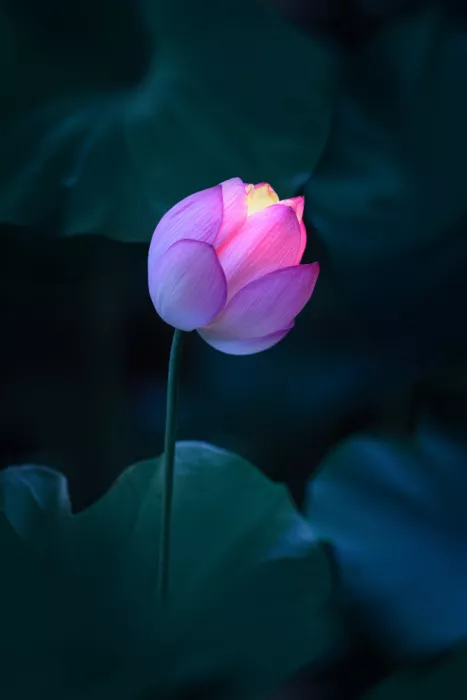 Wang, Catherine: Lotus Lantern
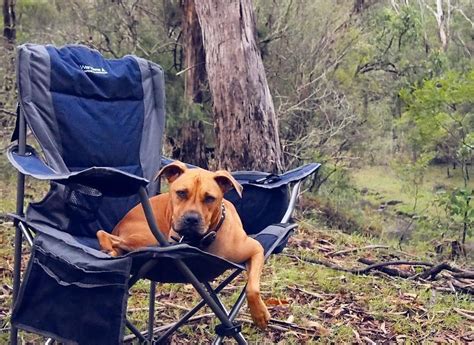 pet friendly camping gold coast  Certain breeds of dog are not permitted entry into any Gold Coast Tourist Park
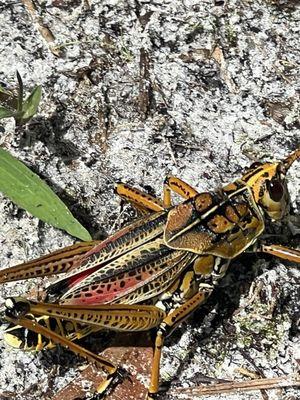 Citrus Hammock Preserve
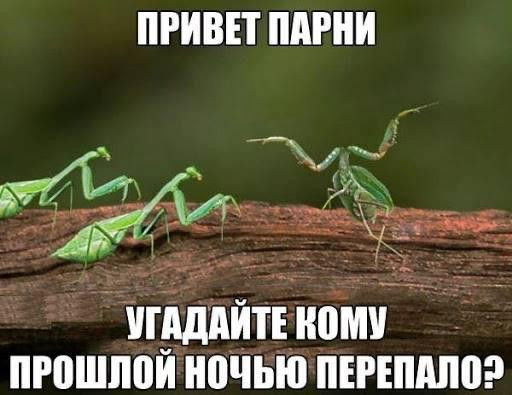 Мем, anberg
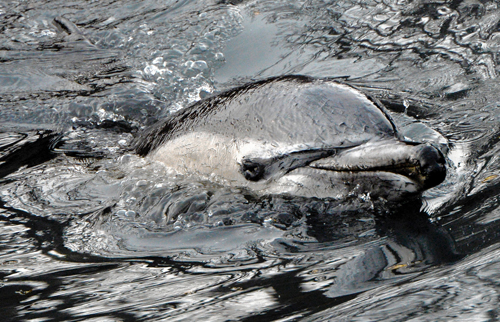 RECAP: Dolphin swims into Gowanus Canal, meets its end
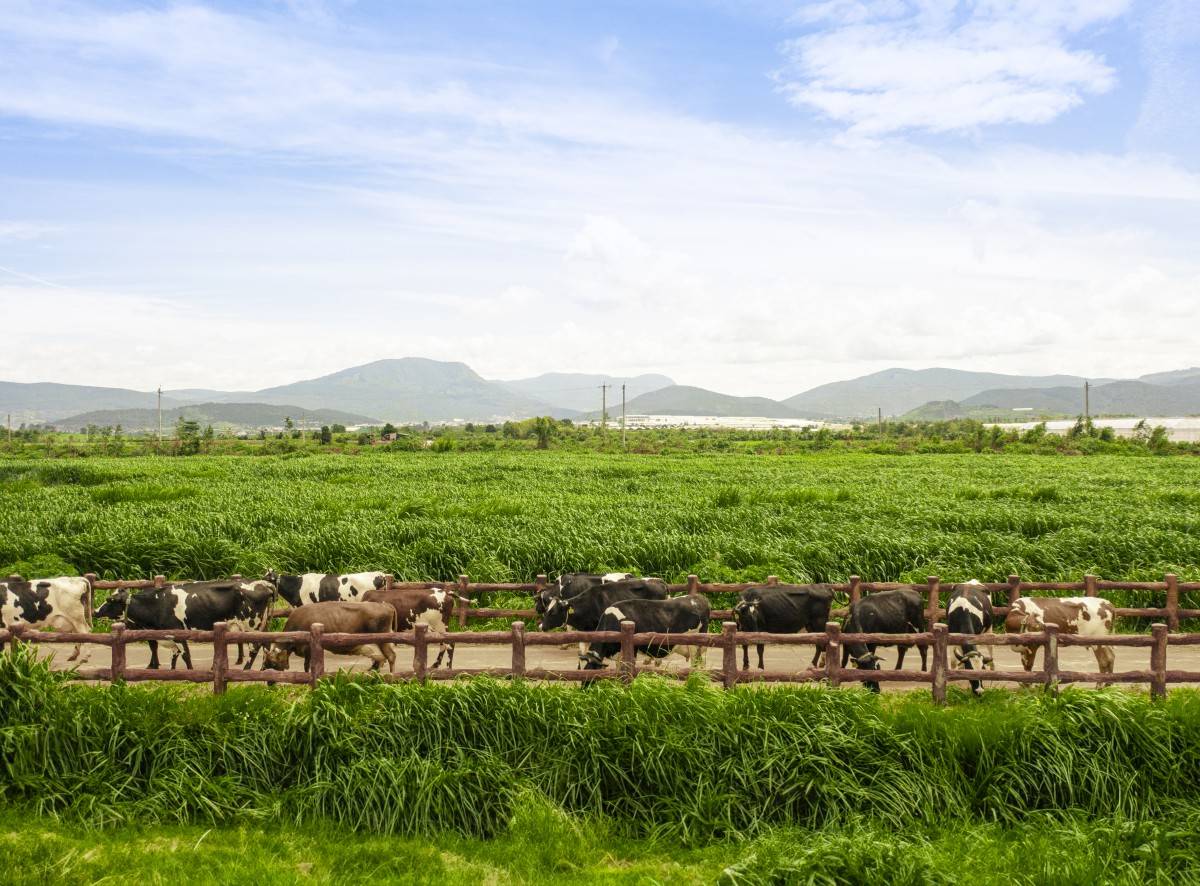  Vinamilk là doanh nghiệp sữa đầu tiên sở hữu cả trang trại và nhà máy đạt trung hòa carbon theo tiêu chuẩn PAS 2060:2014 (Ảnh: Minh Anh).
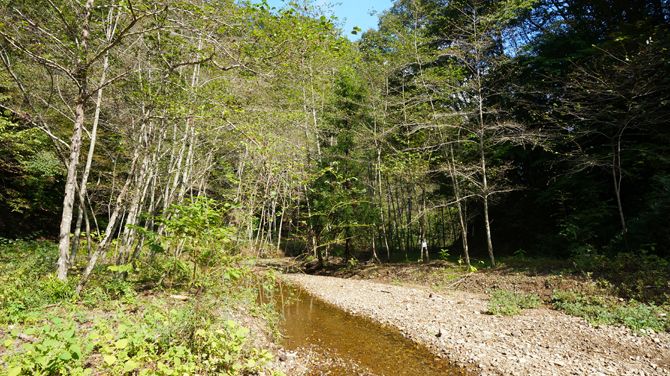 そこで森林です！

################

_ACTION ITEM:_
Copy out all the entries exactly. Images stay out of the copy.

_REPLY:_
 Wang, Catherine: Lotus Lantern
 pet friendly camping gold coast  Certain breeds of dog are not permitted entry into any Gold Coast Tourist Park
 Citrus Hammock Preserve
 Мем, anberg
 RECAP: Dolphin swims into Gowanus Canal, meets its end
  Vinamilk là doanh nghiệp sữa đầu tiên sở hữu cả trang trại và nhà máy đạt trung hòa carbon theo tiêu chuẩn PAS 2060:2014 (Ảnh: Minh Anh).
 そこで森林です！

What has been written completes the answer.